* [Input material]

---

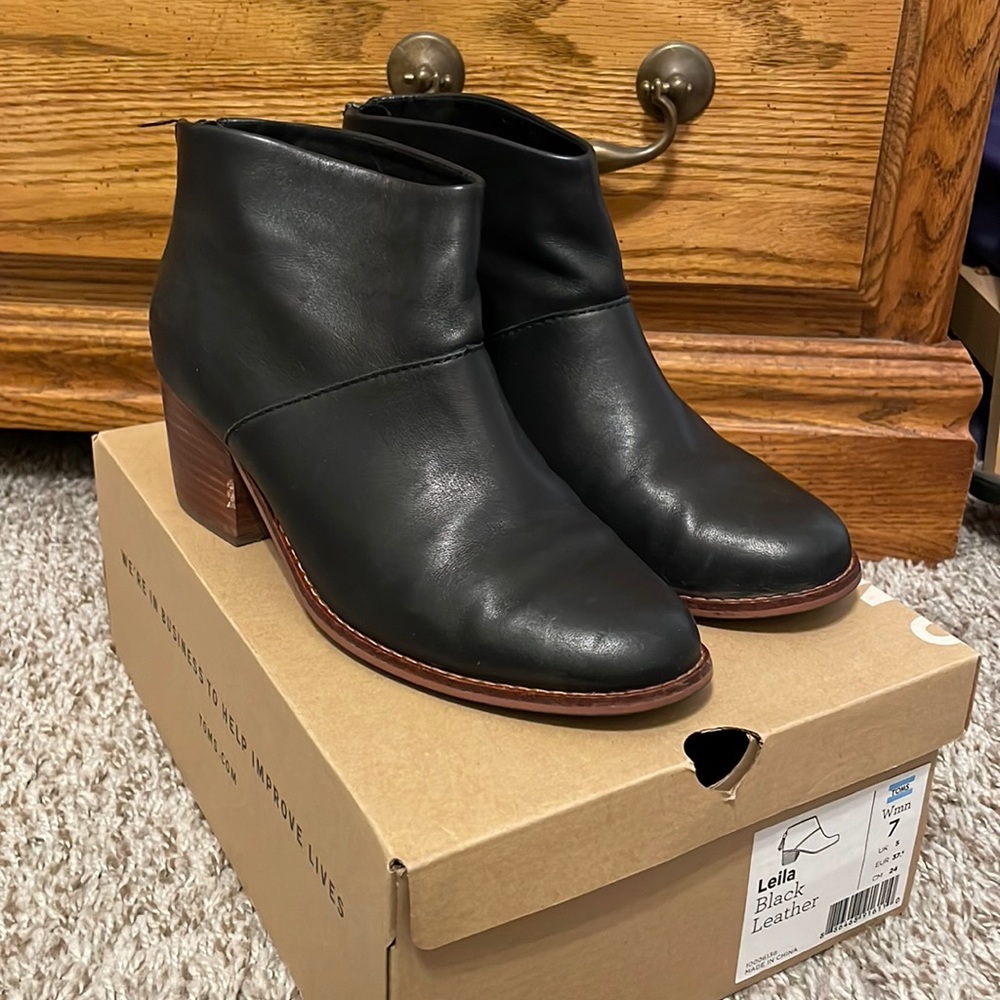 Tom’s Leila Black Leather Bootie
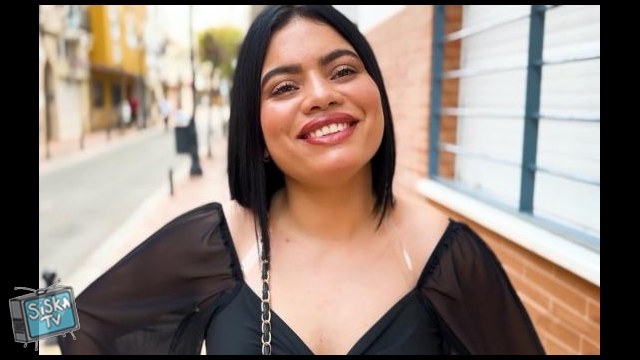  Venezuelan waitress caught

---

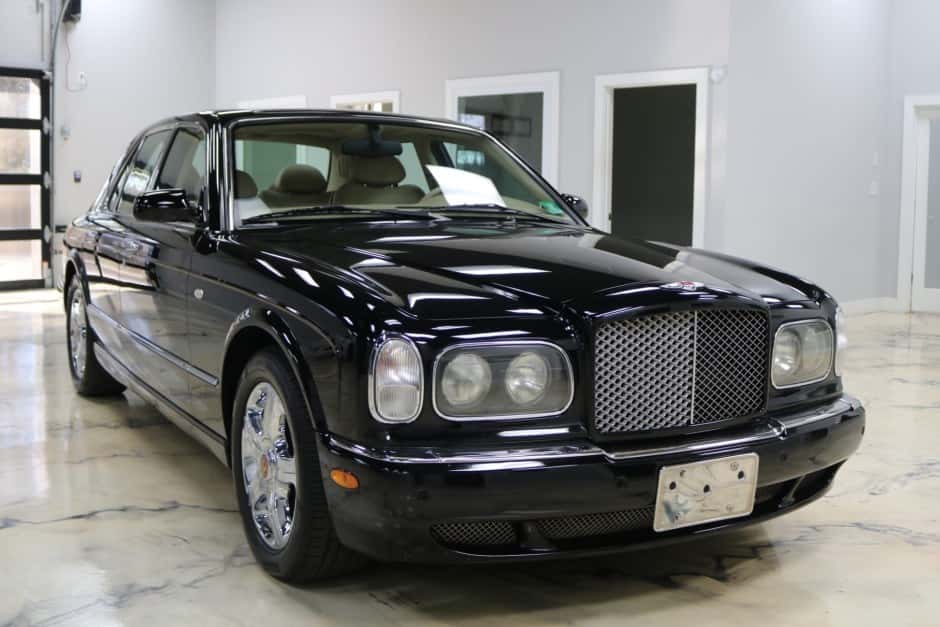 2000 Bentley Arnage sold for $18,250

---

* [Problem to solve]
Your answer is the exact run of lines above from the one with "Tom’s Leila Black Leather Bootie" through the one with "Venezuelan waitress caught", both ends included, minus any picture.

* [Reply to the task]
 Tom’s Leila Black Leather Bootie
  Venezuelan waitress caught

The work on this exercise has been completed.